* Exercise brief
Copy out the data word for word, without any of its pictures.

* Dataset content
★ ★ ★ ★ ★ ★ ★
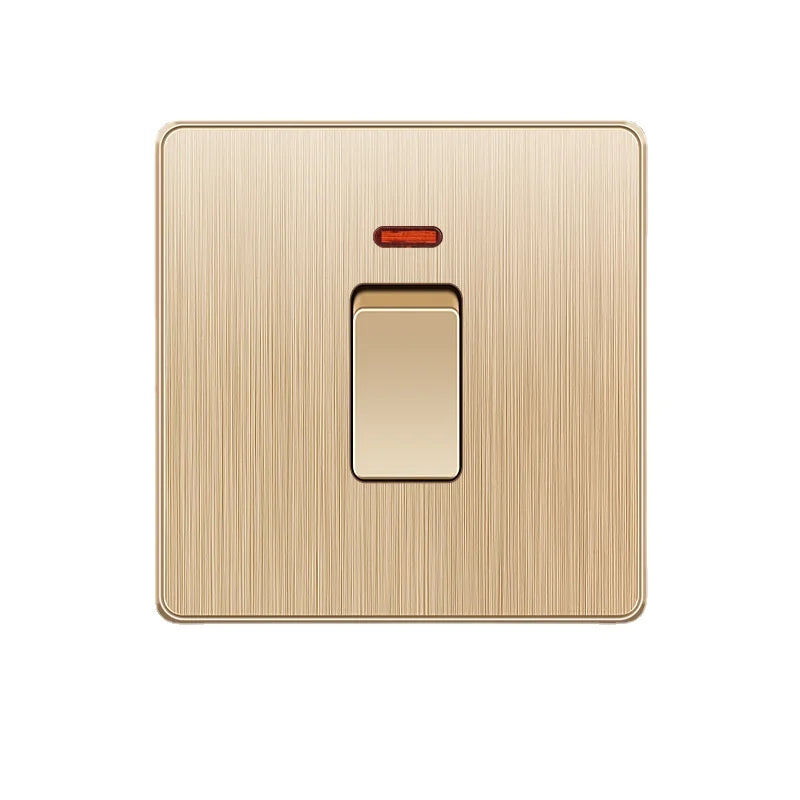 Gold 13A UK Stecker USB Steckdose, Haushalt elektrische licht schalter, universal 5 loch Dual Buchse mit USB Ladegerät, AC110-250V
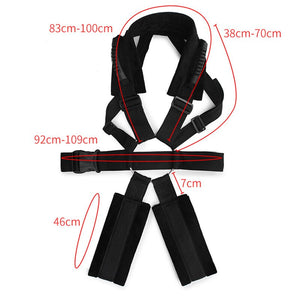 Bdsm Sex Swing Plush Bondage Restraints Open Leg Spreader Couple Flirting Handcuffs Swing SM Game Sex Toys for Women - sextoysok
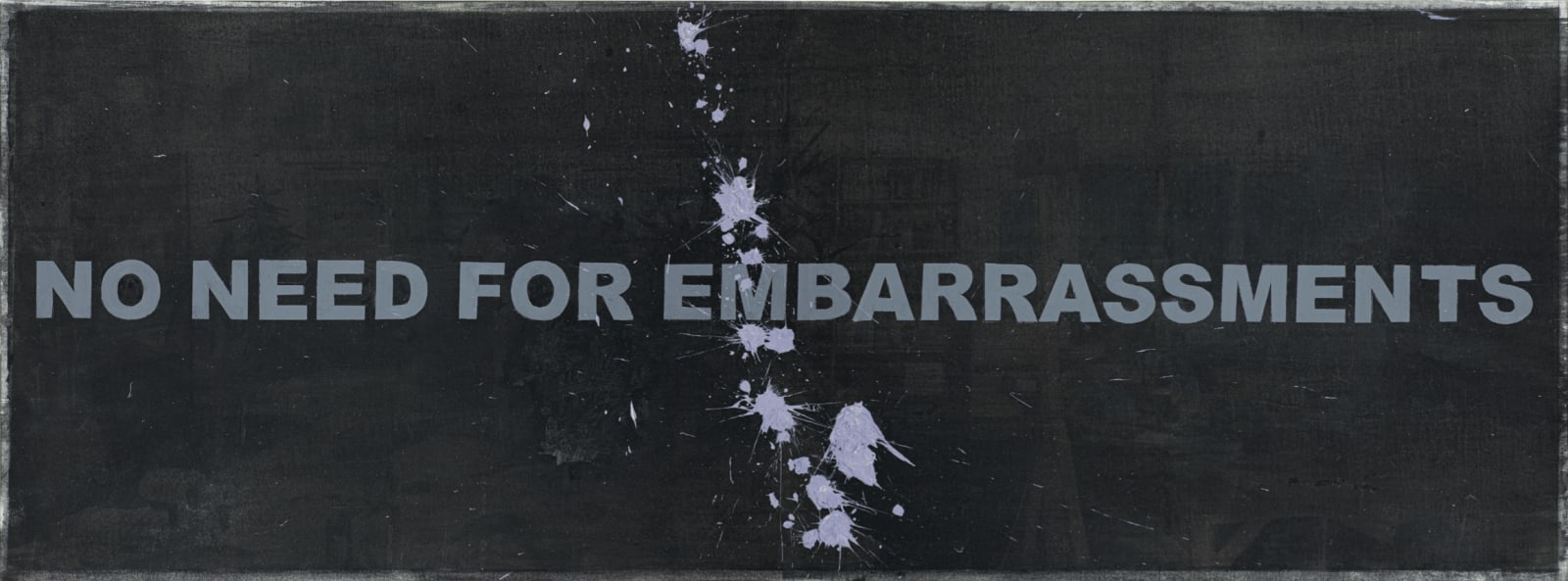 Art & Language, A Bad Place; No Need for Embarrassments, 2024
★ ★ ★ ★ ★ ★ ★
* Solution
 Gold 13A UK Stecker USB Steckdose, Haushalt elektrische licht schalter, universal 5 loch Dual Buchse mit USB Ladegerät, AC110-250V
 Bdsm Sex Swing Plush Bondage Restraints Open Leg Spreader Couple Flirting Handcuffs Swing SM Game Sex Toys for Women - sextoysok
 Art & Language, A Bad Place; No Need for Embarrassments, 2024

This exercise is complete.